-- Dataset content --
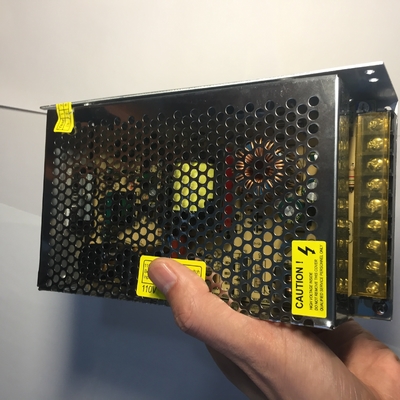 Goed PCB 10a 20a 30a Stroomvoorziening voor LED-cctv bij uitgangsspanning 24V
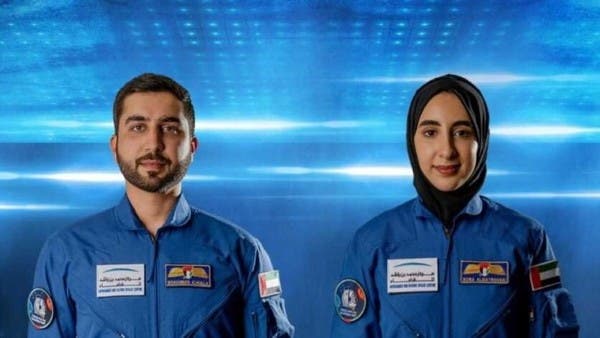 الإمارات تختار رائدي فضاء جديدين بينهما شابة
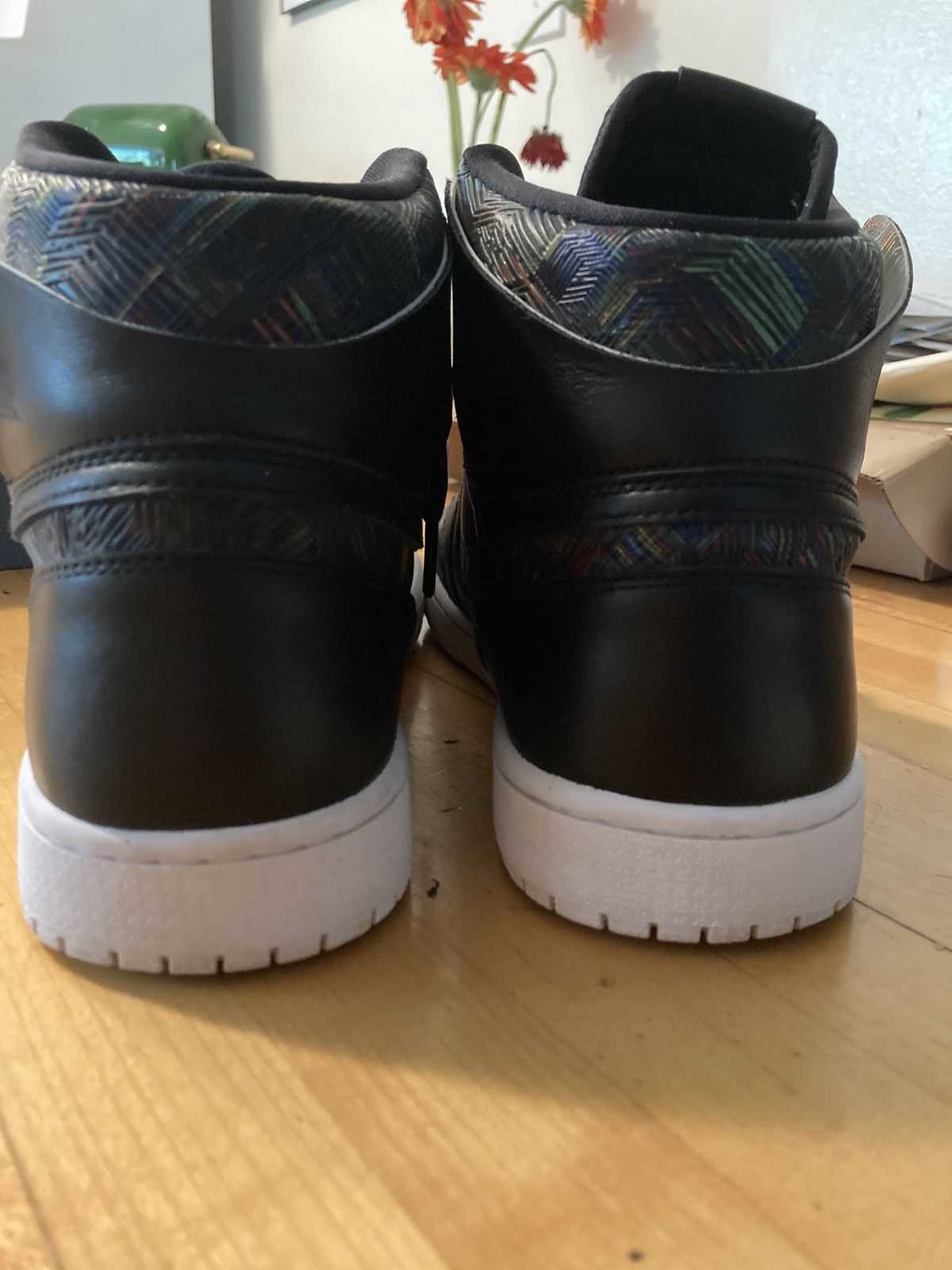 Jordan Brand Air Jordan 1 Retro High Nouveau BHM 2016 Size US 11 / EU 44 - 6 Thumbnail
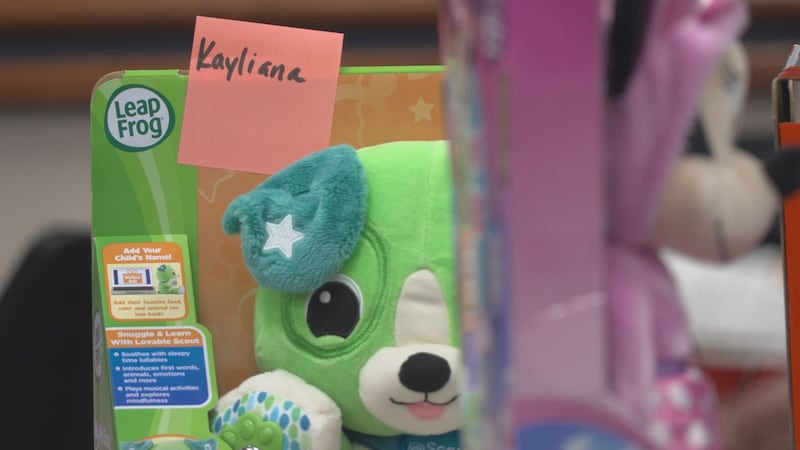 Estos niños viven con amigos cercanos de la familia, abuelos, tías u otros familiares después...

-- Work instructions --
Starting with the line that holds "الإمارات تختار رائدي فضاء جديدين بينهما شابة", retype each line through the last one in the listing above, exactly as written. Do not copy any pictures.

-- Answer box --
 الإمارات تختار رائدي فضاء جديدين بينهما شابة
 Jordan Brand Air Jordan 1 Retro High Nouveau BHM 2016 Size US 11 / EU 44 - 6 Thumbnail
 Estos niños viven con amigos cercanos de la familia, abuelos, tías u otros familiares después...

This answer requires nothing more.